Moreover, the ability of disparate systems to "talk" to one another increases the availability of accurate information quickly, enhancing decision-making across the organization. Accurate, data-driven insights to anticipate and respond to market demands and ensure the correct parts are available to minimize disruptions and maximize customer satisfaction.
Leveraging AI solutions and an automated approach ensures that necessary data, such as part numbers, condition codes, and certificate details, are accurately recorded in a consistent format in the company's systems.
As with any industry, aerospace is highly diverse and nuanced; organizations use varying business models, operational processes, and data management practices. Through its innovative solutions, ePlaneAI has created a customizable infrastructure for real-time communication of accurate information between disparate systems.
Conclusion
The strategic use of AI and automated solutions will change how the aerospace industry processes, analyzes, and leverages data, setting a new standard for efficiency and accuracy.

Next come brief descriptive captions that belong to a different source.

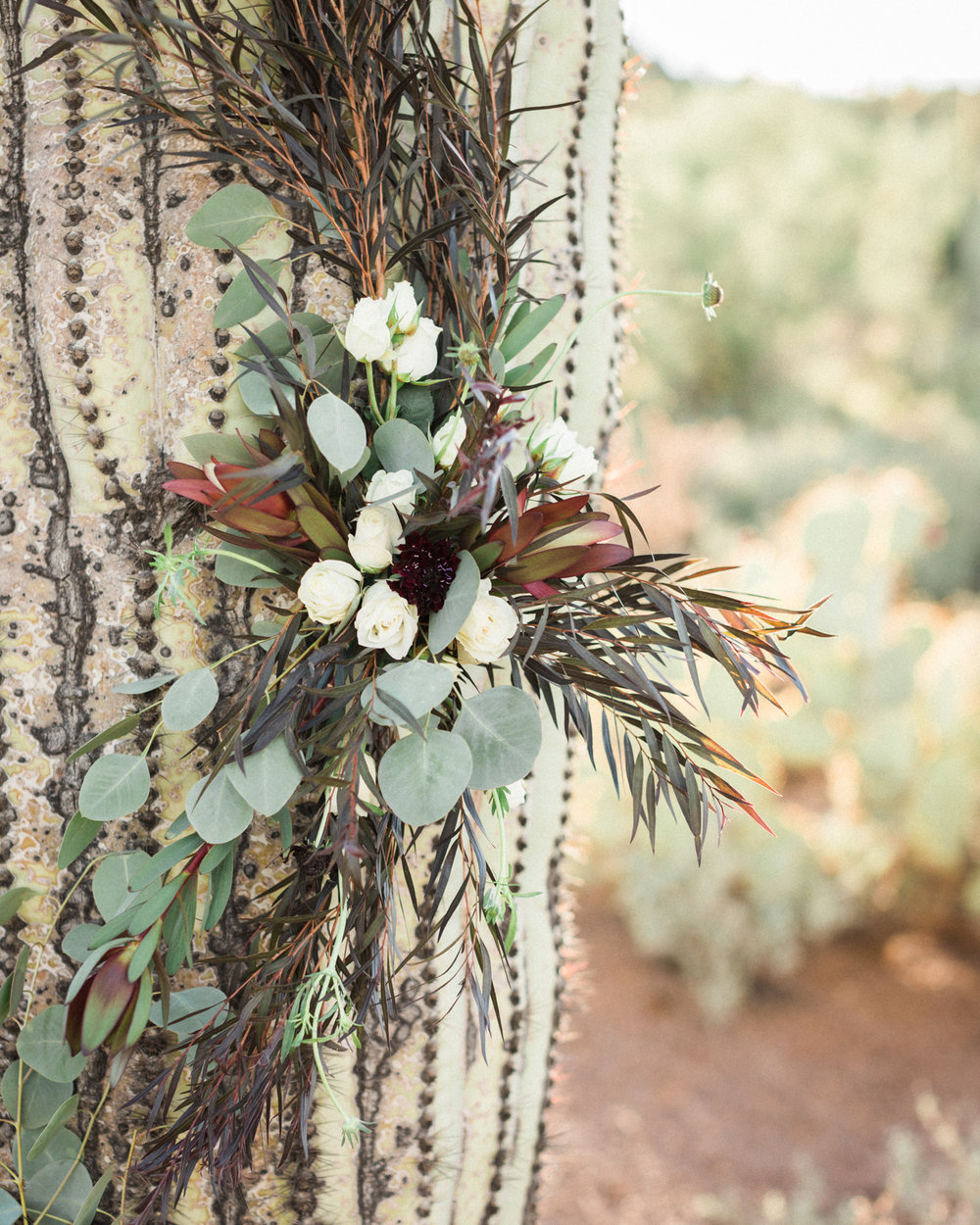  Saguaro cactus floral installation 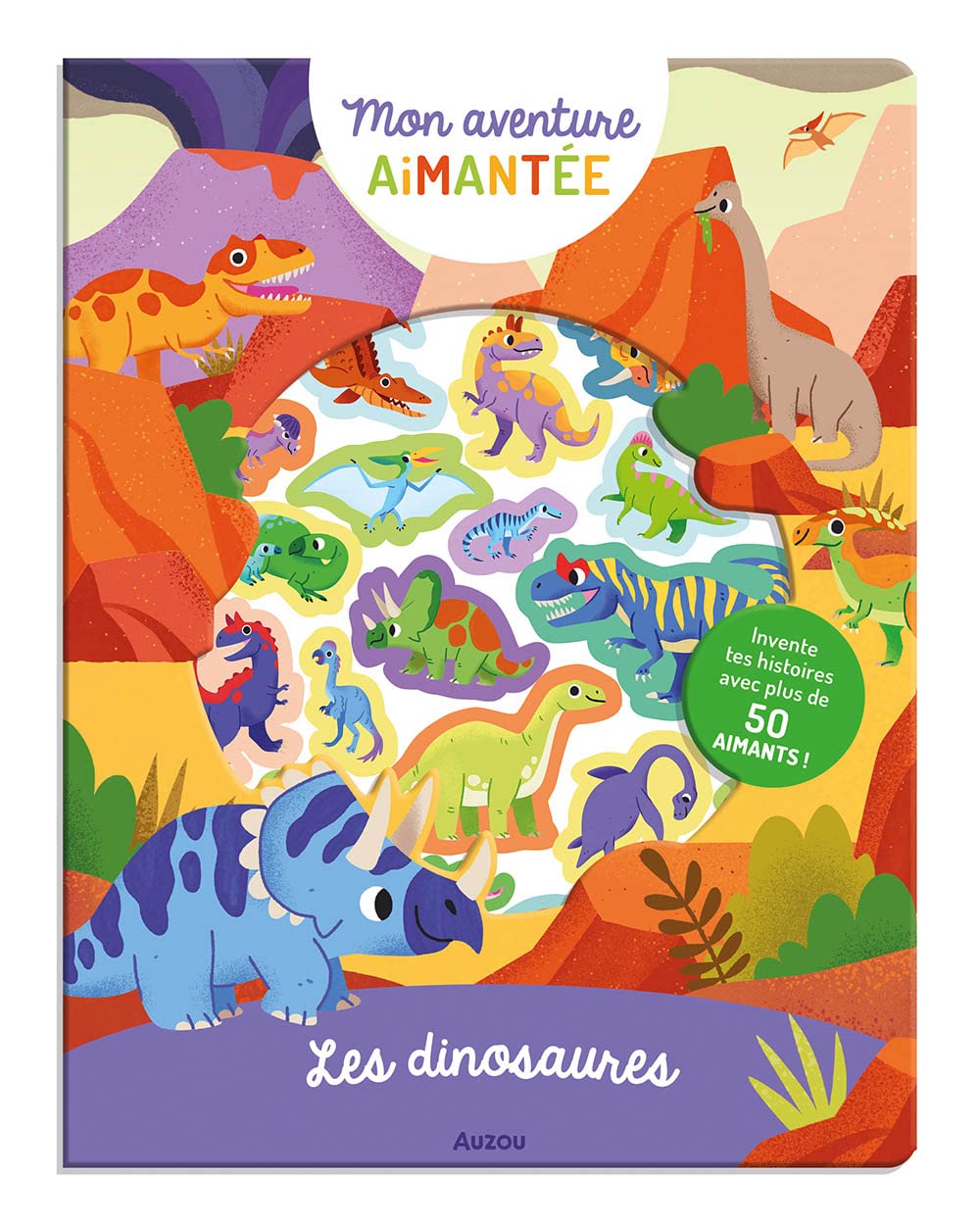 Livre - Mon Aventure Aimantée: Les dinosaures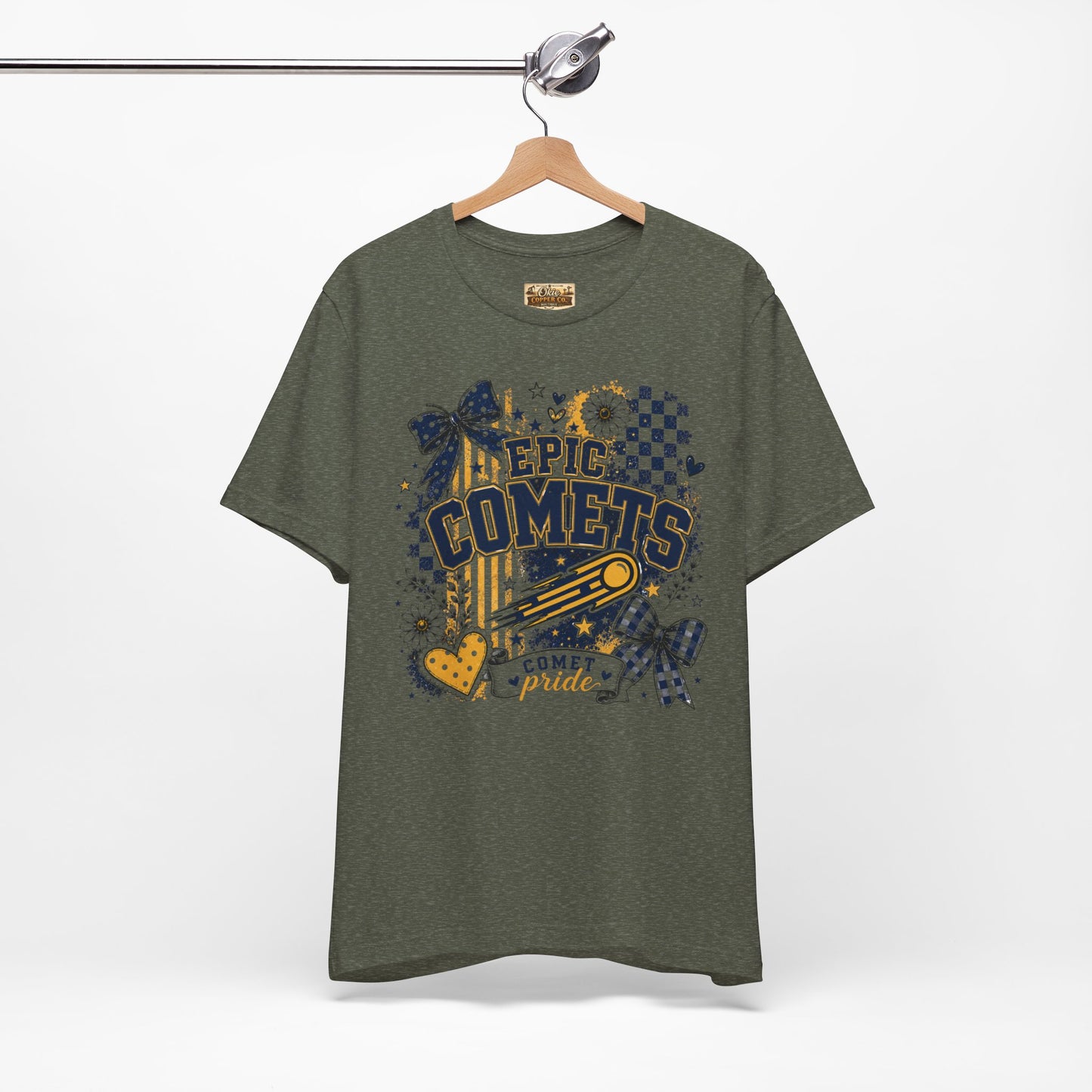 Epic Comets Graphic Tee — Comet Pride School Spirit T‑Shirt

Applications like Email AI and Document AI optimize aerospace data and provide precise insights for better decision-making. These tools streamline data entry and create the necessary standardization for excellent data management, providing new levels of accuracy, efficiency, and compliance for aerospace companies' most important documents.
As the aerospace industry evolves, solutions that can automate—whether AI or another form of automation—repeatable data-intensive processes will become a strategic enabler for optimizing operations and thus driving financial performance.
By embracing AI and automated technology, aerospace companies will be successful in an increasingly dynamic and data-driven landscape.